My mood today is moderately better than yesterday’s nadir. The aroma of hope wafts through the water-logged air, suggesting something sanguine awaits beyond my view, hidden by the morning fog. I wish I possessed the skill or talent or whatever it is that I don’t own to mold my emotions with my keyboard. Wouldn’t it be nice to simply type one’s way to happiness? Wouldn’t life be grand if, with just a few flicks of my fingers, I could write my way to a buoyant mood? Yes, and sustaining oneself on a diet of rainbows would be hunky dory, as well.
Perhaps I could write a story about a man who, in his mid sixties, discovers that rainbows have an amazing effect on his mood. Whenever he sees them, happiness envelopes him like a cocoon. So he follows weather forecasts, trying his best to know where he is apt to find rainbows. He lives in his car, driving from place to place in search of atmospheric circumstances ideally suited to the formation of rainbows.
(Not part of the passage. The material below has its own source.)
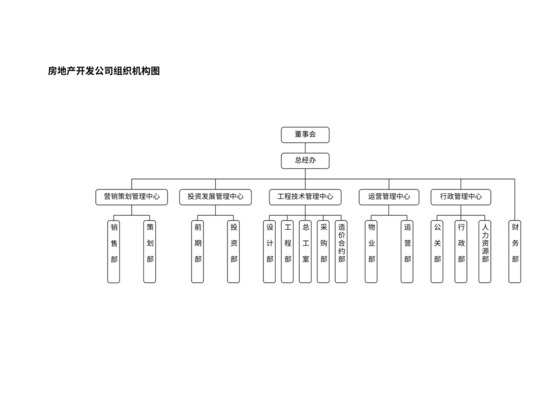 房地产公司组织架构图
When he finds them, he’s overcome with joy unlike anything he’s ever experienced. But between rainbows, his mood flags, leaving him bereft. His emotions, shredded and dry like sun-bleached starfish left on a beach at ebb tide, become fragile and brittle.
It doesn’t take him long to realize he’s become a rainbow addict. The euphoria that accompanied his rainbow experiences in the early days of his discovery becomes bottomless despair. Without rainbows, he shrinks into himself, cursing the sky and drowning his sorrows with orange juice from concentrate. Living in his car no longer carries the sense of adventure it once did. He recognizes he’s given up everything for the fleeting rush that follows a rainbow experience. And he remembers some of the lyrics of the Muppets Movie song, the film that, he realizes, must have triggered his downward spiral:
What’s so amazing
That keeps us stargazing
And what do we think we might see
Someday we’ll find it
The rainbow connection
The lovers, the dreamers, and me.
The only solution, he decides, is to live where there can be no rainbows. And where might that be? A smog-choked city, he reasons, is the best place, because the smoke and dust in the air would make it impossible for rainbows to form. And so, after giving the matter considerable thought, he sells his car and its contents and buys a ticket to Beijing where, after a month of living on the street, he decides he’s made a horrible choice. But he has no money, his passport has been stolen, he’s utterly destitute. What does he do now? We’ll never know, because I’ve tired of writing this absurd little psychosis.
Has it improved my mood, though? Time will tell. I know for a fact that my breakfast this morning will not consist of rainbows. I’m thinking, maybe, poached eggs and Canadian bacon, with a side of radishes and sweet pepper, will work to get this day off to a reasonable start.